Planning of the power system, that is, the decision to add new generation, transmission or distribution has to consider security criteria. Similarly, the operation of the power system, during which new equipment cannot be added but existing equipment can be switched in and out and controlled, must be affected according to security criteria. In the USA and Canada, the security criteria for planning and operation has been set by the North American Electric Reliability Council (NERC) for the last three decades.

The planning horizon is usually upwards of one year as it is not normally possible to design and install major equipment in less than that time. The operations horizon is anything less than one year, but most of the decisions are made to about one week. Moreover, the decisions made for the next day and beyond are often referred to as operations planning whereas operations involve real-time decisions.

Planning for adequate generation, as mentioned earlier, uses a probabilistic load prediction and plans sufficient generation to ensure that the loss of load probability will be under a certain level. Transmission planning, on the other hand, uses worst-case scenario simulations to ensure that the system will be able to withstand outages under some defined worst condition. Because the modeling of transmission is complex, probabilistic measures for transmission reliability, although desirable, remain difficult to calculate.

In the operations horizon, probabilistic measures are less meaningful as the anticipated loads can be predicted with more certainty, especially for the next few days. Thus generation is scheduled with the security criteria for adequate spinning and ready reserve to withstand generator outages. Transmission security for operations planning is ensured, in the same way as in planning, by simulating the worst case scenarios according to some standard procedures.

In real time operations, generation is automatically dispatched to meet load. Thus, if adequate spinning and ready reserves are available, load should always be met provided that the transmission capacity is there.

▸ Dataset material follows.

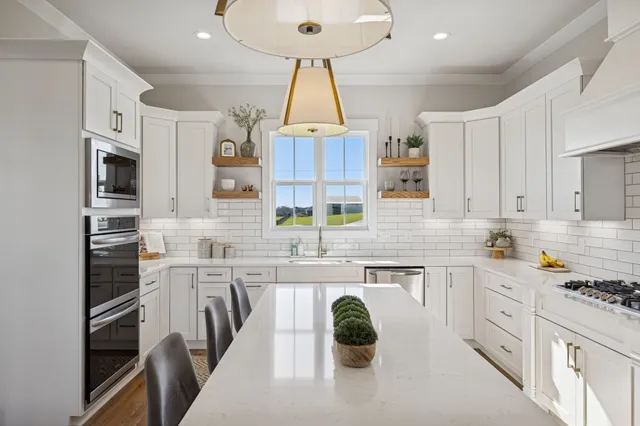 a kitchen with a sink stove and cabinets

There are two functions that must be performed here: one is the continuous adjustment of the generation to exactly match the total load that is varying, and the other is checking that adequate reserves are always available that can respond to the changing load as well as a loss of a generation unit. The first is known as load following or regulation and is performed with one or more feedback control

mechanisms. The second, known as reserve monitoring, is accomplished by the control center computers by monitoring the availability of generation.

Ensuring transmission security in real time requires significant on-line computation of contingency scenarios. It should be pointed out here that the availability of more on-line analysis, attributed to increasing use of computers and communication, results in more efficient use of the power system, that is, the system can be operated closer to its limits because these limits can be calculated on-line. Without such tools, limits set off-line have to be more conservative to ensure security.

Responsibility in a restructured system

As long as the utilities are vertically integrated, maintaining security within one company’s geographic area is its responsibility. Since most utilities are interconnected, the security criteria have to be jointly agreed upon, and planning and operations of neighboring companies must be coordinated.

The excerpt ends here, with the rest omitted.